#### [What this task involves]
Since pictures are not part of the copy, please output only the lines from the one with "Toyota Yaris 1.5" through the end of the data below, exactly as written.

(Web page caption snippets)
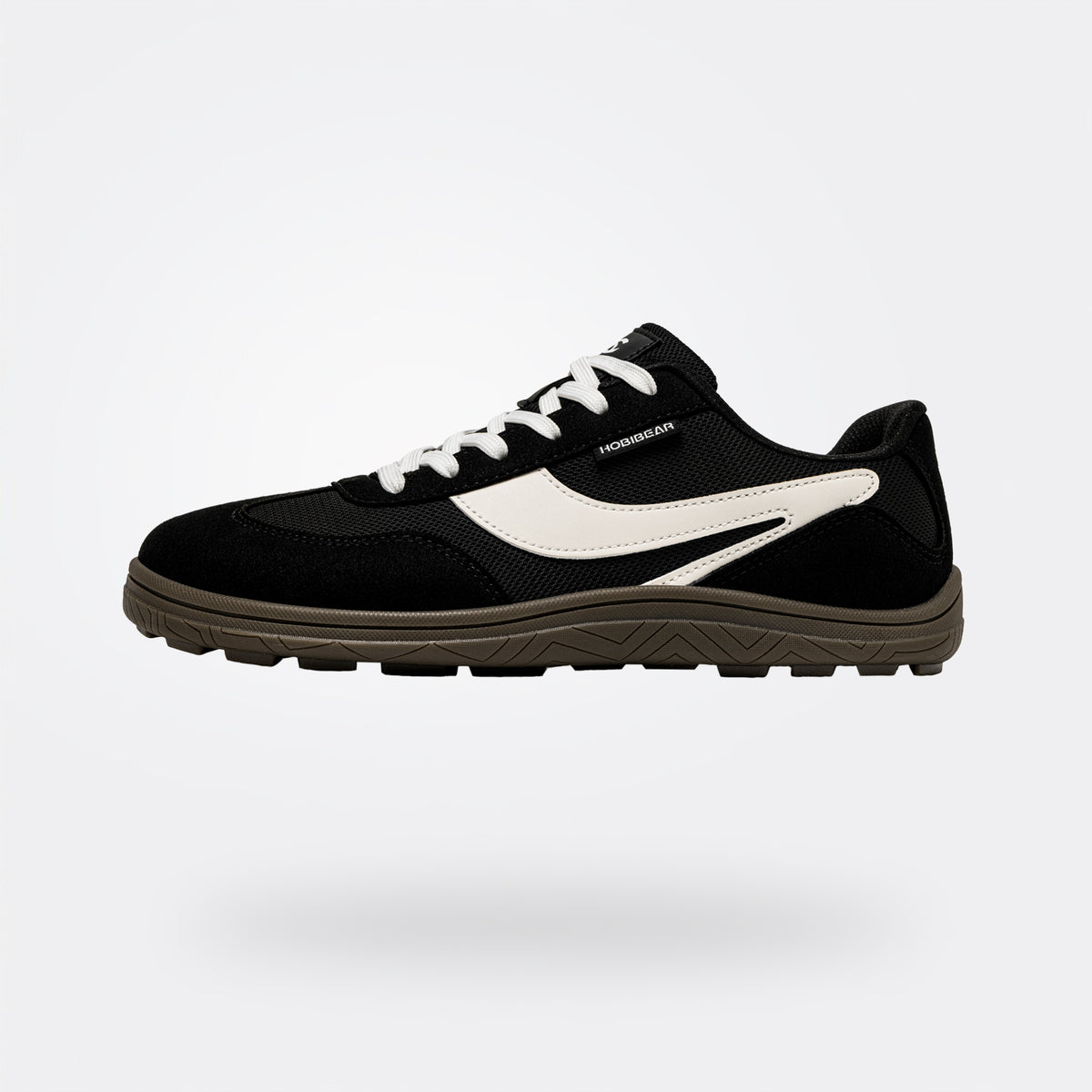 Opuntia - Wide Toe Shoes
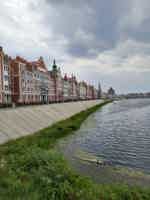 Экскурсия "Город контрастов: в Йошкар-Олу из Казани" - фото отзыва 3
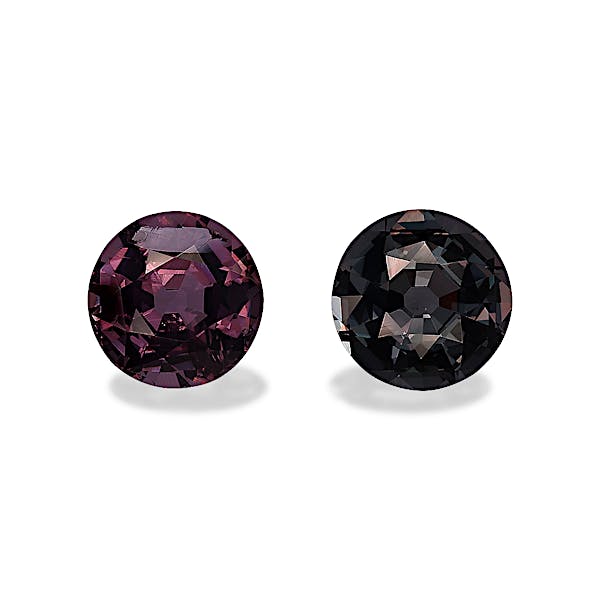 Compliment Colour Spinel 6.09ct - Main Image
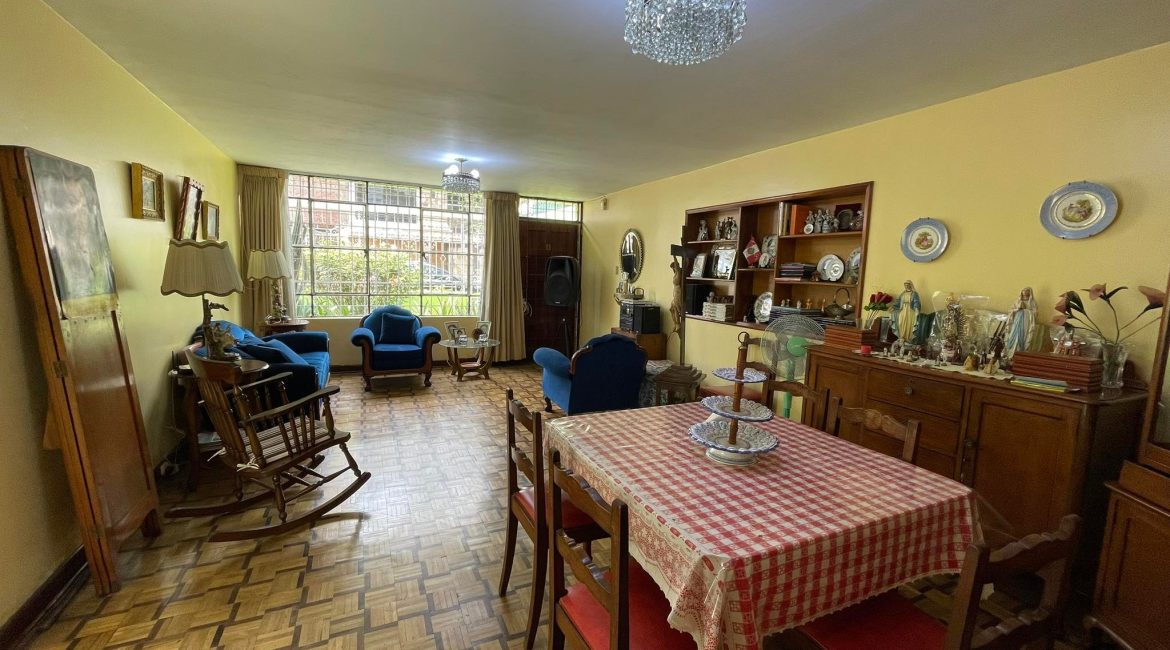 Casa-Santa-Anita-26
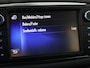 Toyota Yaris 1.5 Hybrid Aspiration | Camera | Cruise control | Half leder | Bluetooth | Climate control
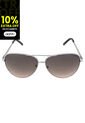 LENTES TOMMY HILFIGER OUTLOOK PARA MUJER X60003 de Tommy Hilfiger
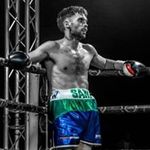 Sam Stokes - @sam.stokes.58958 - Instagram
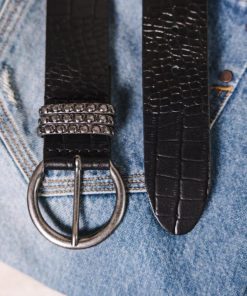 Fabricforward.shopa9f6f0a6f7 5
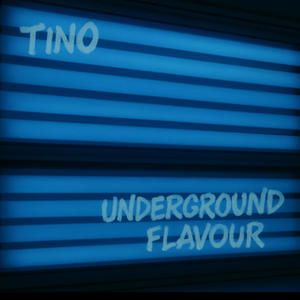 Underground Flavour (Explicit)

#### [Answer to this exercise]
 Toyota Yaris 1.5 Hybrid Aspiration | Camera | Cruise control | Half leder | Bluetooth | Climate control
 LENTES TOMMY HILFIGER OUTLOOK PARA MUJER X60003 de Tommy Hilfiger
 Sam Stokes - @sam.stokes.58958 - Instagram
 Fabricforward.shopa9f6f0a6f7 5
 Underground Flavour (Explicit)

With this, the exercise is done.